The 40-year-old, a two-time ranking event winner, did take the seventh with a 68, but Trump found some fluency to win the last two frames and make himself favourite to progress.

Another Welshman,
Ryan Day,

did manage to sustain his good form as he took a 5-4 lead over another leading contender, China’s
Ding Junhui.

Day, a former top-eight player who has dropped down to 35 in the rankings, knocked in a break of 77 to level at 2-2 after a closely-fought opening four frames.

Ding, a semi-finalist at The Crucible last year, responded with a 100 break on the resumption, but Day won the next three to move 5-3 up before a run of 53 saw Ding trail by only one frame.

They resume at 1000 BST on Wednesday, with the winner to face Mark Allen’s conqueror Cao Yupeng in the second round, starting on Friday.

The other match on Wednesday morning is likely to see a hasty exit for the 2006 world champion
Graeme Dott.

The Scot endured a nightmare opening session against qualifier
Joe Perry,

who without hitting any great heights himself sauntered into an 8-0 lead.
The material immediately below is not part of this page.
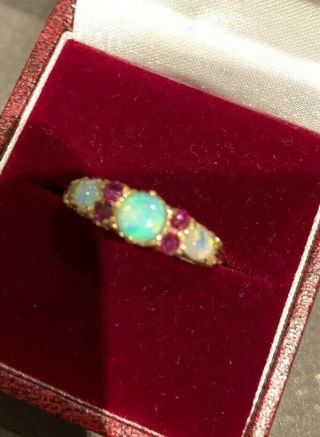 9ct Gold Ring Set With Opal And Ruby Size R.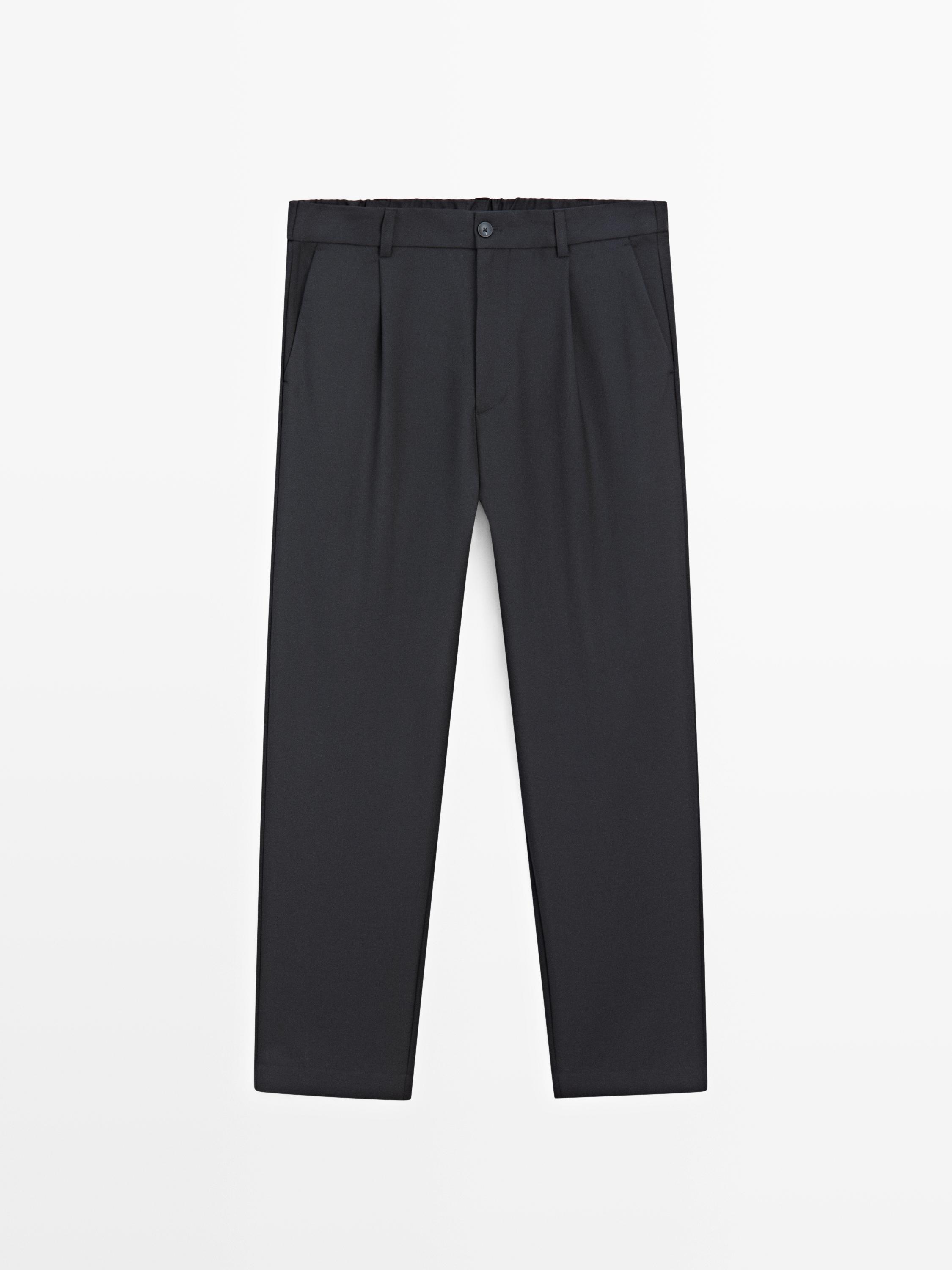 Relaxed fit darted wool blend trousers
Dott, facing the prospect of joining the late Eddie Charlton as the only player to be whitewashed (10-0 against John Parrott in 1992) in Crucible history, rallied to take the final frame of the session.

But Perry, a semi-finalist in 2008 before dropping out of the elite top 16, requires only two more frames to progress to a second-round meeting with Stephen Maguire, starting on Thursday.